Dartmouth-Hitchcock Medical Center is the latest to pull out of the CMS Innovation Center's Pioneer ACO initiative, Medicare's earliest and most aggressive test of accountable care, which has lost nearly half its initial cohort.
The Lebanon, N.H., medical center lost money during the Innovation Center's Pioneer ACO initiative, which requires participating hospitals and doctors to repay Medicare for failing to meet performance targets on quality and savings. The Dartmouth-Hitchcock ACO exit follows earlier departures that reduced the number of Pioneers to 19 from the original 32.
The exodus underscores the challenges that policymakers face as they wrangle with hospitals and doctors over how to change how Medicare pays for care. Federal officials announced this year that half of Medicare spending outside of managed care would be under new payment models by 2018. New models reward hospitals and doctors that meet targets for quality and savings, but may also penalize those that fail. The targets, however, sparked ongoing controversy as the industry and federal officials debate how they should be set.
Dartmouth-Hitchcock is at an unfair disadvantage under formulas that cost the ACO $3.6 million in the third year, CEO Dr. James Weinstein said.
The system already operated efficiently before entering the Pioneer ACO program, he said, and Pioneer savings targets reward improvement, meaning hospitals and doctors that are the least efficient can make the greatest gains. He compared Dartmouth-Hitchcock to a fast runner who is asked to constantly best his own time. “You're asking organizations that are already running really well to run a 2-minute mile,” he said. “It's not possible.”
The CMS Innovation Center could minimize potential penalties for the most efficient and limit the potential bonuses for the least efficient to create better incentives for everyone to improve, he said. He also complained that quality performance is not given the same weight as financial savings, so efficient providers who make quality gains are effectively penalized.
The Affordable Care Act created the Innovation Center to test new payments, including the Pioneer program, a small but aggressive accountable care effort launched in 2012.

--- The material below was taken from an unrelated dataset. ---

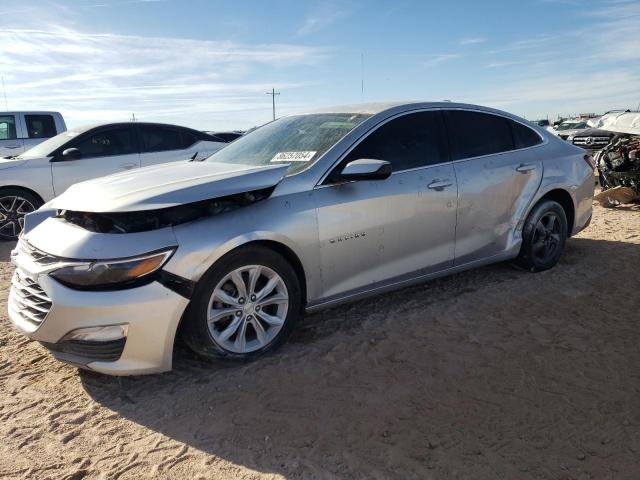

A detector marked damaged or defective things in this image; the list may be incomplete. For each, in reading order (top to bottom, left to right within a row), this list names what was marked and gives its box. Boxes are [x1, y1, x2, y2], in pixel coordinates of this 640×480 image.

damaged silver car [7, 102, 596, 376]
broken headlight [50, 251, 175, 288]
detached bumper piece [40, 336, 125, 362]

New Hampshire-based Dartmouth-Hitchcock also has noted that patients included in its ACO are traveling to visit doctors and hospitals in Boston, where care is more costly. ACO savings are calculated on spending for a group of patients, regardless of where they receive care. The CMS Innovation Center, Weinstein said, should adjust savings tallies to account for patients to seek care outside of ACOs.
Other Pioneer ACOs that exited the program have cited other frustrations. Sharp HealthCare, for example, said the system was at a disadvantage because of the formula used to calculate disproportionate-share payments.
Dartmouth-Hitchcock may enter Medicare's Next Generation ACO program, a new test of the payment model that will begin in January, but Weinstein said that model also has flaws.